Un recuerdo aún más doloroso de Longridge fue mi participación en el triste destino de un pollito que gracias a mi insensatez cayó preso de un gato que acechaba escondido debajo de un arbusto. Volvía a casa y me detuve a mirar a través de la valla metálica de un gallinero y vi cómo un gato observaba agazapado el movimiento de un grupo de pollos que picoteaban sin darse cuenta del peligro. Llevaba en el bolsillo los restos de un mendrugo y, plenamente consciente de las consecuencias de mi acción, lancé un trozo por encima de la valla para que cayera a unos centímetros del gato. Uno de los pollitos corrió a recoger el trozo de pan, el gato se abalanzó sobre él y el desgraciado pollito fue rápidamente apresado por el felino. ¿Qué perverso impulso me hizo enviar a la inocente criatura a la muerte? No lo sé, y la escena ha quedado grabada en mi conciencia hasta hoy.

Tal vez para disipar mi sentimiento de culpa, desde entonces he sido un entusiasta observador de las aves, en gran parte gracias a mi padre, que nos llevaba a buscar nidos de pájaros en primavera. Observaba con admiración cómo trepaba por un arbusto espinoso para llegar a un nido de urraca, cómo se agachaba para recoger un huevo de avefría puesto en el surco de un campo arado, o cómo se arriesgaba a empaparse para llegar a un nido de focha entre los juncos de un estanque. Una vez en casa, los huevos, debidamente vaciados, eran colocados ordenadamente en una caja y ¿hay algo más bonito en el mundo que el huevo de un mirlo o un zorzal?
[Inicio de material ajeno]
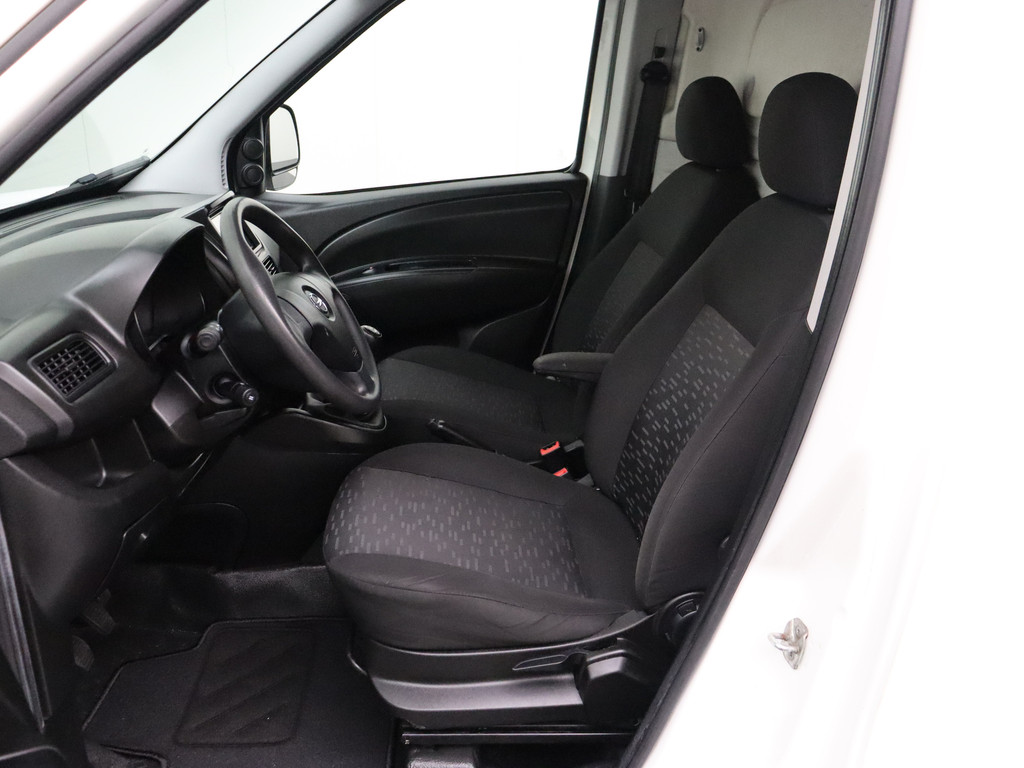 Opel Combo 1.3 CDTi L1H1 Edition | Navigatie | Airco | Cruise | Trekhaak 19
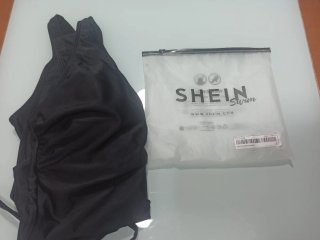 Bañador negro de mujer. Talla L. Shein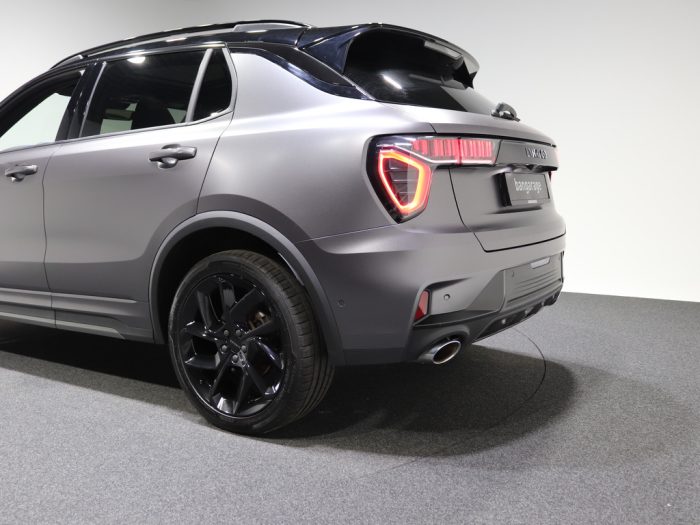 52409995-8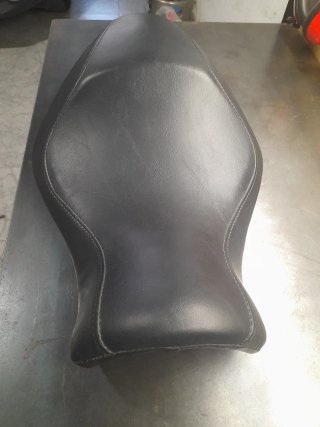 Asiento de moto negro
En Longridge acudí a una escuela infantil y, con mis cuatro años, allí aprendí a leer. Recuerdo un libro con dibujos en color que mostraban las primeras palabras que entendí: bacalao y cubo. No son tan raras como parecen ya que en inglés ambas son monosilábicas: cod por el pescado, y pail por el cubo en el que un niño lo llevaba a casa.

No puedo cerrar esta página sin recordar mi primera experiencia espiritual. Mis padres practicaban un cristianismo sencillo, especialmente mi madre, que veía las cosas en blanco y negro y no albergaba duda alguna acerca de la fe. Mi padre era más cerebral; leía imponentes tomos acerca de cuestiones teológicas y poseía un conocimiento serio de la Biblia. Si le invadió alguna duda no lo sabré nunca, porque era parco en palabras y jamás expresó sus sentimientos, ni descubrió su interioridad.

El recuerdo más temprano que conservo es de la necesidad que sentía de abrir mi corazón a Jesús. Conocía bien el texto que dice: «He aquí, yo estoy a la puerta y llamo; si alguno oye mi voz y abre la puerta, entraré a él, y cenaré con él, y él conmigo» (Apocalipsis 3:20), así que cuando apenas contaba cinco años musitaba cada noche, antes de dormir, una breve oración pidiendo al Señor que entrase en mi corazón. Tras esta plegaria quedaba tranquilo y no tardando mucho sucumbía al sueño. Pero a la noche siguiente me entraba la duda de si mi oración había sido lo bastante ferviente, o hecha con suficiente fe, de modo que la repetía noche tras noche, por si acaso, y así lo hice durante mucho tiempo, hasta superar la etapa infantil.

Él debió de entender mi ansiedad, porque su presencia, desde entonces, no me ha abandonado nunca.